Et je me souviens que, un soir, mon père était rentré bien après qu'Etil et moi soyons partis nous coucher. Mais je ne dormais pas. Je me suis levée pour aller lui dire bonsoir mais, avant d'ouvrir la porte de ma chambre, j'ai entendu une conversation à laquelle je ne m'attendais pas.
"Mais enfin, il faudra bien que tu me dises pourquoi tu sembles si inquiet... Est-ce qu'il y a un problème avec les générateurs ?"
Mon père répondit que "techniquement, tout était parfait".
"Alors, c'est qu'ils sont revenus, n'est-ce pas ?"
Il y eut un long silence avec qu'il ne réponde : "Ce n'est pas aussi grave que cela mais... disons qu'il y a des "rôdeurs" qui ont été repérés dans les quartiers réservés aux techniciens. Ils circulent sans que l'on sache pourquoi et puis ils disparaissent. Ce n'est pas vraiment grave mais ce n'est pas bon signe."
"Tu crois que cela pourrait recommencer comme la dernière fois ?"
"Non, je te l'ai dit, nous ne ferons pas les mêmes erreurs. Mais peut-être qu'eux aussi changeront leurs méthodes... Il vaut mieux être vigilants et ne pas se laisser surprendre... C'est pour ça qu'il vaut mieux que je sois inquiet. Au cas où..."
"Et les Aroks ?"
"Nous n'en avons repéré que quelques-uns... dans les niveaux intermédiaires."

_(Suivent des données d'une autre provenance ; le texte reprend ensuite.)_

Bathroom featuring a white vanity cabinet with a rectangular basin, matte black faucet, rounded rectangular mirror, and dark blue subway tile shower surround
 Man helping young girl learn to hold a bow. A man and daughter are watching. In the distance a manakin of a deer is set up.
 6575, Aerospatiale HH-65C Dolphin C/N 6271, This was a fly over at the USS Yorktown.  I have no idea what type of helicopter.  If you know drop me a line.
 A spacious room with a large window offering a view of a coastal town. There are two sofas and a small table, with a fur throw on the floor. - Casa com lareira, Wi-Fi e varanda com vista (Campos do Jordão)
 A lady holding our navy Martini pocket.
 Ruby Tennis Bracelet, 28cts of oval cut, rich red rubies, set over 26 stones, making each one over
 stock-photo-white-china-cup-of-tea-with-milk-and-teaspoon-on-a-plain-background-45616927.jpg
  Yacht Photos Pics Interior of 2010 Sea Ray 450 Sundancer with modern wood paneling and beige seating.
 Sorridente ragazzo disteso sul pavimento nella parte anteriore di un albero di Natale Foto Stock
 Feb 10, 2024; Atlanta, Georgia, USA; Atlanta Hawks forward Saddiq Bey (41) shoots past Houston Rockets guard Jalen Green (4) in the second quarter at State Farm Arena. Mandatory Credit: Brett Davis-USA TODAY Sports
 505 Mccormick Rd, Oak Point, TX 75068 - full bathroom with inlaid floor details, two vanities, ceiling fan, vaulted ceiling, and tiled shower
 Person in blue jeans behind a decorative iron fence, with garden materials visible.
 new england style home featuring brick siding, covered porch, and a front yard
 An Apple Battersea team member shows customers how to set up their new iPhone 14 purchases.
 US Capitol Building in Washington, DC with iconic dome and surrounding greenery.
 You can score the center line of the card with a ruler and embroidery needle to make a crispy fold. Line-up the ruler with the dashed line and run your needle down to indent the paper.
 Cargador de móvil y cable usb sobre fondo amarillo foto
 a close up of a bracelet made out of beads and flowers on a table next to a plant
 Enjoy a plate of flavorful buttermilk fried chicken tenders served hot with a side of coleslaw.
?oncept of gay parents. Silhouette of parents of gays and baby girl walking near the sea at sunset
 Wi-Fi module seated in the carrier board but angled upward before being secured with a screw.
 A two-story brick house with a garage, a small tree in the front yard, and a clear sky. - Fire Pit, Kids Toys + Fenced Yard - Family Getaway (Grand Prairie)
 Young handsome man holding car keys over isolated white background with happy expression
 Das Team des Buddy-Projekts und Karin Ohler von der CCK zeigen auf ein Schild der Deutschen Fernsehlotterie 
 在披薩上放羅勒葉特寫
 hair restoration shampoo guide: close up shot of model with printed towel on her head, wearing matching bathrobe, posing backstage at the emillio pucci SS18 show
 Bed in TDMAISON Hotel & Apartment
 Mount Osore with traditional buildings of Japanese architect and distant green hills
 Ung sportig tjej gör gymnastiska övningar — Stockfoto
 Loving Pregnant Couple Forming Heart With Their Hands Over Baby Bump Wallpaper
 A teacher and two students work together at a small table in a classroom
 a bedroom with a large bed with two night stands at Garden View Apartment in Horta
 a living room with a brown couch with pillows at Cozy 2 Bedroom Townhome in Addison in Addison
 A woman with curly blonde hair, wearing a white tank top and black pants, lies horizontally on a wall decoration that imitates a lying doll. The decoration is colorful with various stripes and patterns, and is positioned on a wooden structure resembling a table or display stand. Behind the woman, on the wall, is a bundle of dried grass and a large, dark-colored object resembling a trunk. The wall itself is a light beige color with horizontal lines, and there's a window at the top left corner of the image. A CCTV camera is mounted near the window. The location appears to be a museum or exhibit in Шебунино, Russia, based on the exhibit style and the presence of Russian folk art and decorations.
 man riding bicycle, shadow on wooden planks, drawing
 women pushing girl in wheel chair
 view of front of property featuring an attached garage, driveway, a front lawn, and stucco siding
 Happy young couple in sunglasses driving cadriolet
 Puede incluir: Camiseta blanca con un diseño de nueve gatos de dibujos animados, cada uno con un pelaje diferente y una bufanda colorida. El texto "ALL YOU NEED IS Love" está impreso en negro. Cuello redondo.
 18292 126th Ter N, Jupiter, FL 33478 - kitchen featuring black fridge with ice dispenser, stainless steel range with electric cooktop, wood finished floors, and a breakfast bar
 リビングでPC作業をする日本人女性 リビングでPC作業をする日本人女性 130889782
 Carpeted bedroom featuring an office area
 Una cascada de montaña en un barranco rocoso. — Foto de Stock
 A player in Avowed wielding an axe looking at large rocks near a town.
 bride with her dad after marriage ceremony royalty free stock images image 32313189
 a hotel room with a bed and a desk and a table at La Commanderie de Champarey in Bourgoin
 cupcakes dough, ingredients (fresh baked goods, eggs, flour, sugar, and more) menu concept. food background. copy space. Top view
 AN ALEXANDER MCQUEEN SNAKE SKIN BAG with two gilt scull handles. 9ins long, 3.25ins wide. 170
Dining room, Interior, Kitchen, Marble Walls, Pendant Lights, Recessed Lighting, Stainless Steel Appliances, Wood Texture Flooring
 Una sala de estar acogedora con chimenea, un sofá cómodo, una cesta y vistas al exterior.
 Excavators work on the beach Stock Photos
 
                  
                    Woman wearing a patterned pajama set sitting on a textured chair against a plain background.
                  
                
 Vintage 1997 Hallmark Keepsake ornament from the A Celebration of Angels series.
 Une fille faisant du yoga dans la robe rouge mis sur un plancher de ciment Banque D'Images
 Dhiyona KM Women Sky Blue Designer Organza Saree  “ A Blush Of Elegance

"Quelques-uns quand même."
"Quelques-uns seulement, il faut me faire confiance."
"Alors je te fais confiance mais détends-toi un peu. Au moins devant les enfants."
"D'accord. Allons-nous coucher."
Et moi, je n'ai pas dormi de la nuit. Comme une gamine, je me suis dit qu'il était temps de fourrer à nouveau "mon nez et mes mains" là où il ne fallait pas. Je pensais sincèrement que, en le suivant le lendemain, je pourrais aider mon père.